Developer Experience
- High-Level API: Developers typically use the
ManagementService and TTX views to build applications.
- Testing: Panurus includes the Network Orchestrator (NWO) for spinning up full Fabric networks in integration tests.
- CLI: The
tokengen tool is used to generate cryptographic material, chaincode packages, and public parameters. See tokengen documentation.
Operation & Maintenance
- High Availability: Multiple FSC nodes can share the same SQL backend. Panurus’s locking mechanism and state synchronization ensure consistency across replicas.

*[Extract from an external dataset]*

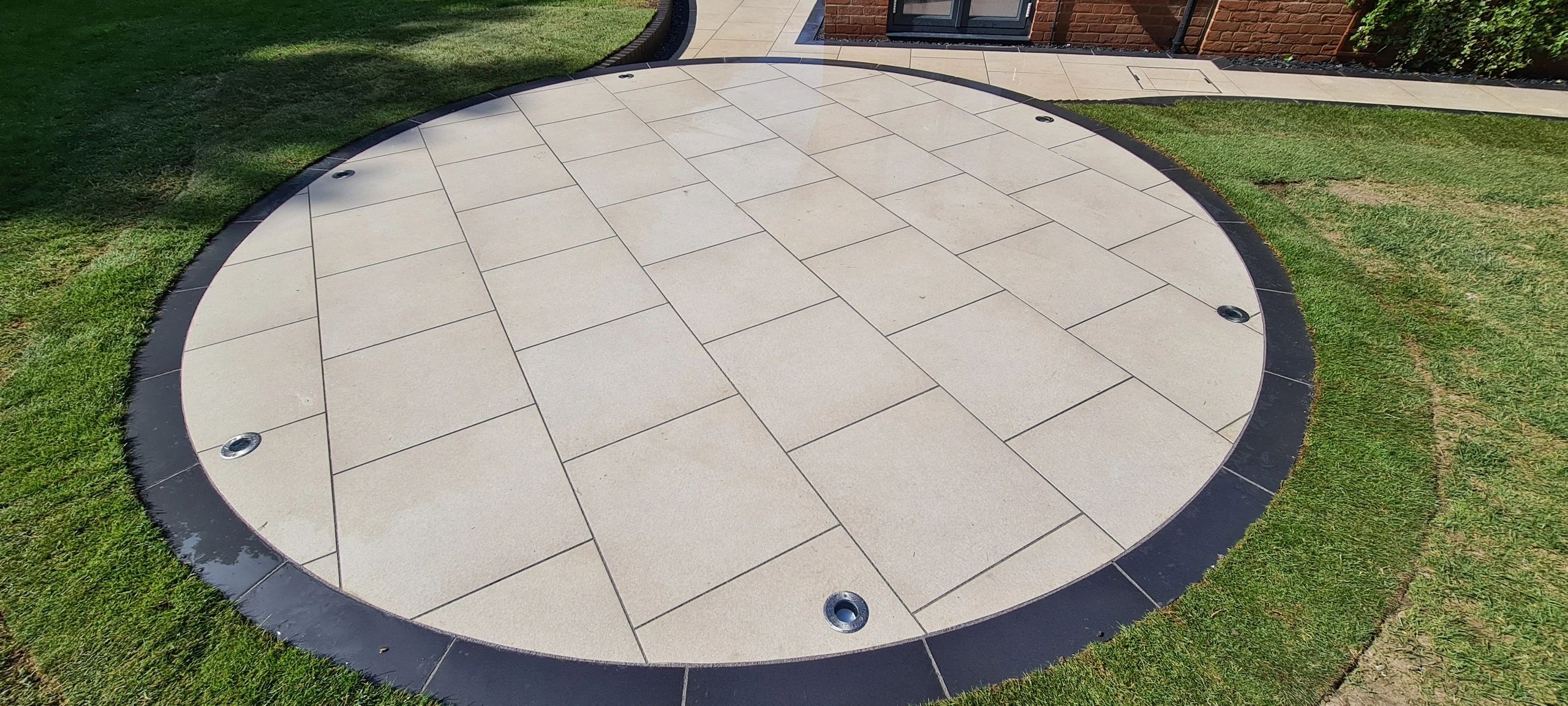 Circular porcelain patio with uplighters set into a lawn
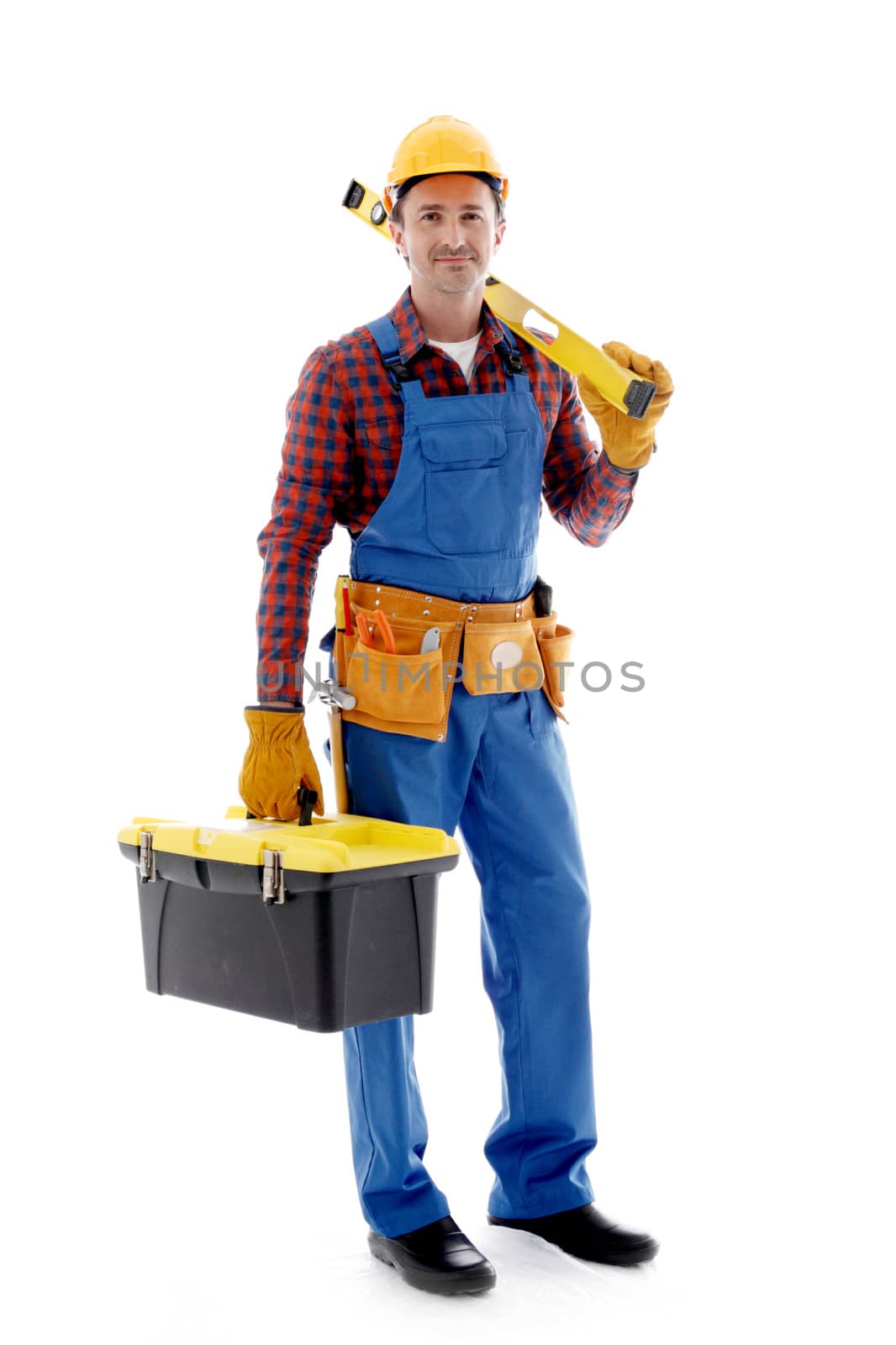Young friendly manual worker with tools isolated on white background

- Monitoring: Integrated with FSC’s metrics (Prometheus) and tracing (OpenTelemetry) for performance analysis.
- Upgradability: Supports atomic “Burn and Re-issue” and in-place upgrades for protocol evolution. See Upgradability Guide.
- Language: Go 1.24+
- Backends: Hyperledger Fabric, FabricX.
- Cryptography: Supports standard ECDSA and privacy-preserving Idemix/BBS+ curves.